Beginning today, Virginia residents can no longer serve alcohol to house guests who are under 21, unless they are accompanied by a parent or guardian.
The new law closes a loophole that had allowed parents to host their children’s parties and serve alcohol to their underage guests. It is among 943 bills passed by the Republican-controlled 2006 General Assembly and signed into law by Gov. Timothy M. Kaine, a Democrat. Most take effect today.
“This needed, new law not only closes a loophole in Virginia law but also, hopefully, the door to the high school graduation ‘kegger,’” said Kurt Gregory Erickson, president of the McLean-based Washington Regional Alcohol Program.

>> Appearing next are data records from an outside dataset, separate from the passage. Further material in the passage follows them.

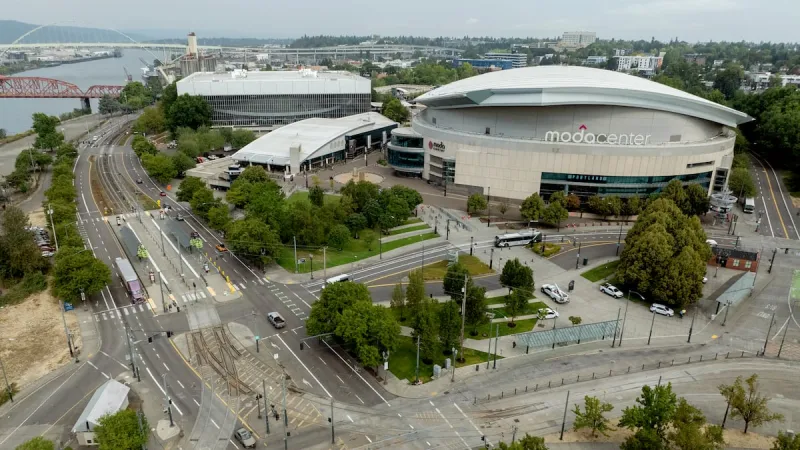 Portland councilors advance plan to develop city land adjacent to Moda Center
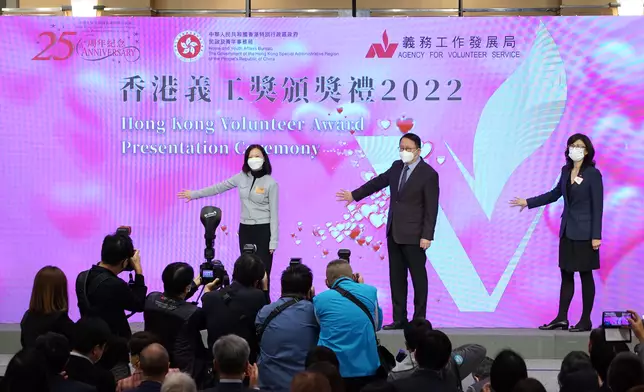 政務司司長陳國基（中）、民政及青年事務局常任秘書長林雪麗（左）、義務工作發展局主席彭韻僖（右），為「香港義工獎」舉行啟動禮儀式。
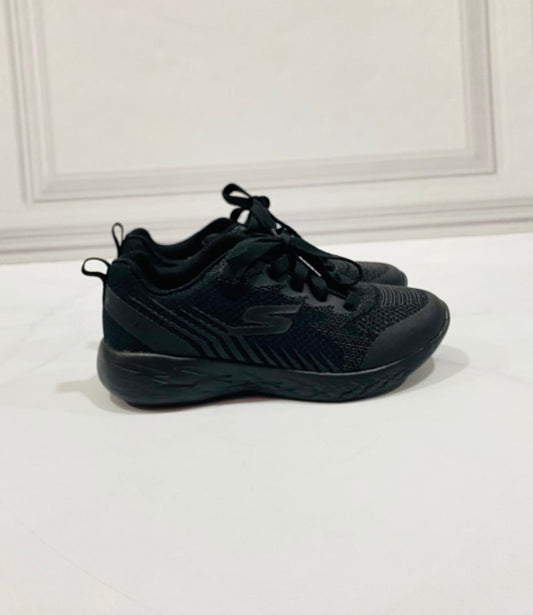 Tenis Negros Niño niña Skechers fondo rojo zapatos negros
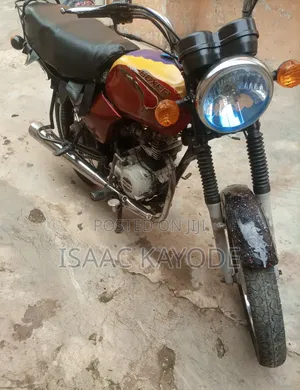 Bajaj Boxer 2024 Red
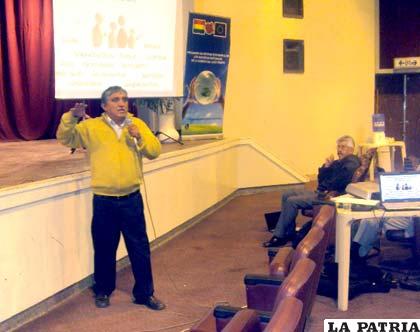 Iván Arias explico la importancia de apostar por el desarrollo humano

Laura Dawson, whose 18-year-old son, Matt, was killed by a drunken driver on Memorial Day 1999, agreed with the change.
“I believe anything we can do to stop underage drinking is effective,” said Mrs. Dawson, a member of Mothers Against Drunk Driving, or MADD. “Hopefully, a life can be saved. Not only them, but who they encounter.”
Another law that takes effect today authorizes tougher penalties for owners of dogs that seriously injure others.
The law was prompted by the dog-mauling death of 82-year-old widow Dorothy Sullivan.
Mrs. Sullivan was attacked by three roaming pit bulls while walking her Shih Tzu, Buttons, in her rural Spotsylvania County front yard in March 2005. Buttons also was killed in the attack, which sparked outrage in the community.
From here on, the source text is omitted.